NASA's funding displaced by 'pork': "When House and Senate budget negotiators announced a deal on a massive $328 billion federal spending bill, lawmakers proudly noted that they had funded NASA at the amount requested by President Bush in February.

"But a closer look at the $15.5 billion bill shows that budget writers axed more than $300 million from NASA's budget request and replaced those dollars with money for line items of their own choosing. Many of them are hometown 'pork' projects that win legislators political favor at home but no fans inside the federal agencies they affect.

"For example, the proposed budget slices $200 million from the international space station program and $70 million from the Space Launch Initiative, part of NASA's effort to develop a next-generation spacecraft. An additional $20 million came from Project Prometheus, a key element of the agency's hopes of finding a way to convert nuclear energy into electricity for in-space propulsion and power.

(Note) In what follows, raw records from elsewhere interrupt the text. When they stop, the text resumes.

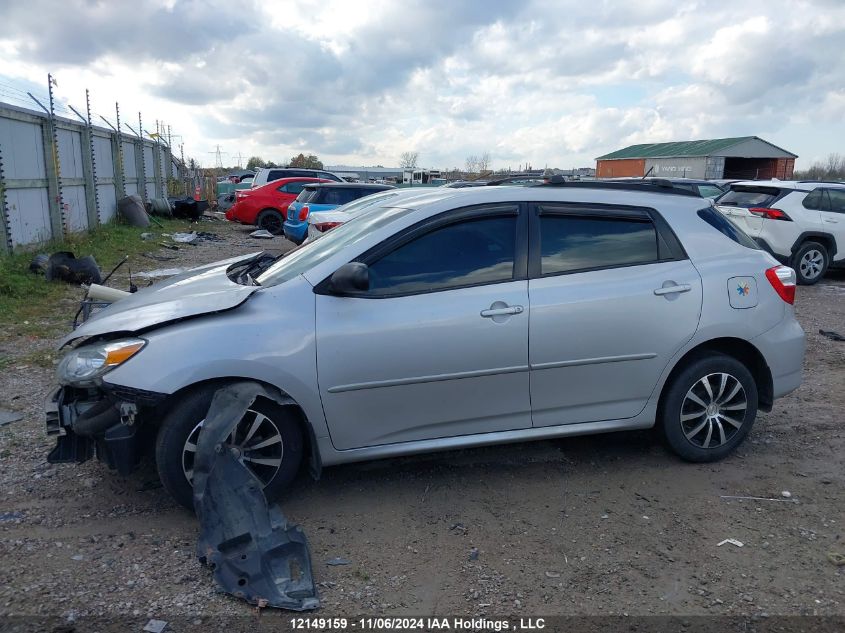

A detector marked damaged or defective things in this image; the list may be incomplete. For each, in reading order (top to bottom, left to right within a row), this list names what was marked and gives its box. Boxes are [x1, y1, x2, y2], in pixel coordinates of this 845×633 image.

damaged silver car [47, 183, 804, 508]
front end damage [45, 380, 165, 474]
crushed front bumper [45, 386, 166, 474]
detached front wheel [155, 386, 304, 508]
crumpled fender [193, 380, 318, 608]
detached front wheel [660, 354, 760, 462]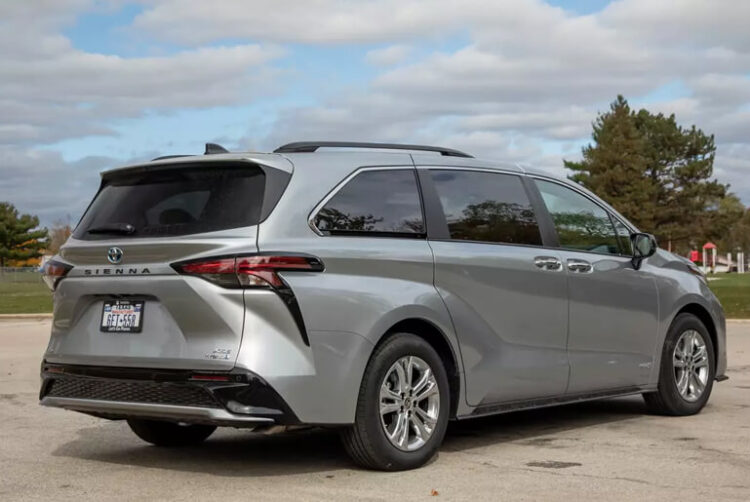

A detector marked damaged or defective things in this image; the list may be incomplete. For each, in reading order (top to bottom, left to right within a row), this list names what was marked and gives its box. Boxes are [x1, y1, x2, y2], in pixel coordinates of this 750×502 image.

cracked asphalt [1, 320, 750, 500]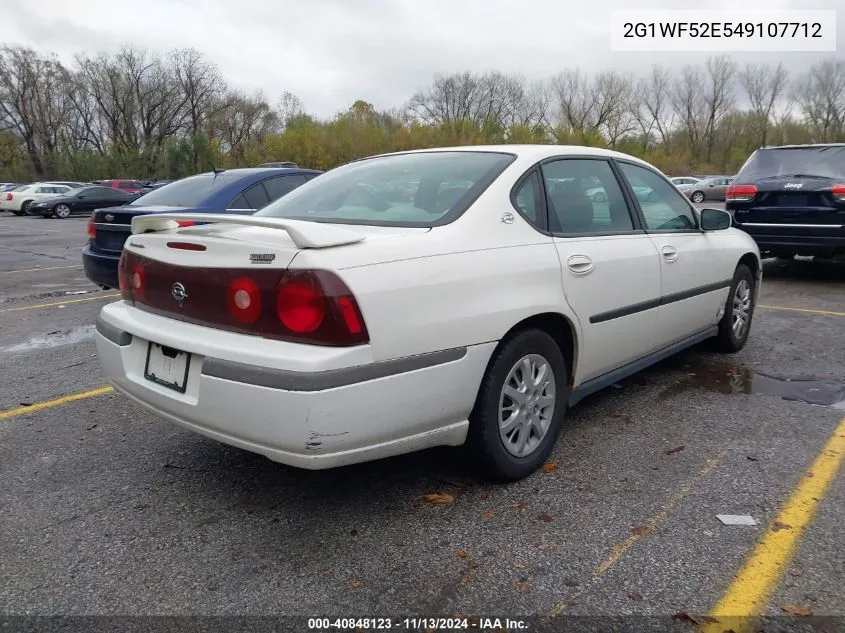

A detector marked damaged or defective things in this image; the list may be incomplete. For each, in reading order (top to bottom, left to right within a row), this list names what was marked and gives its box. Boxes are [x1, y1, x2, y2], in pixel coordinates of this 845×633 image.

"In place of those funds, lawmakers stuffed in an assortment of projects, spreading federal dollars across the country. The U.S. House is supposed to vote on the spending bill Monday. The Senate may take it up this week, although Democrats are threatening to block a vote until January.

"Some of these so-called 'earmarks,' such as a $1.9 million line item for infrastructure repairs at Kennedy Space Center, can't really be called pork. But there is more than $220 million in bacon in the NASA portion of the budget bill.

"The projects are as varied as $3 million for an astronomy center in Hawaii and $4.5 million for a new science center at St. Bonaventure University in New York to $3 million for 'ocean and weather research' at the University of Alaska—home of U.S. Sen. Ted Stevens, the powerful Republican chairman of the Senate Appropriations Committee.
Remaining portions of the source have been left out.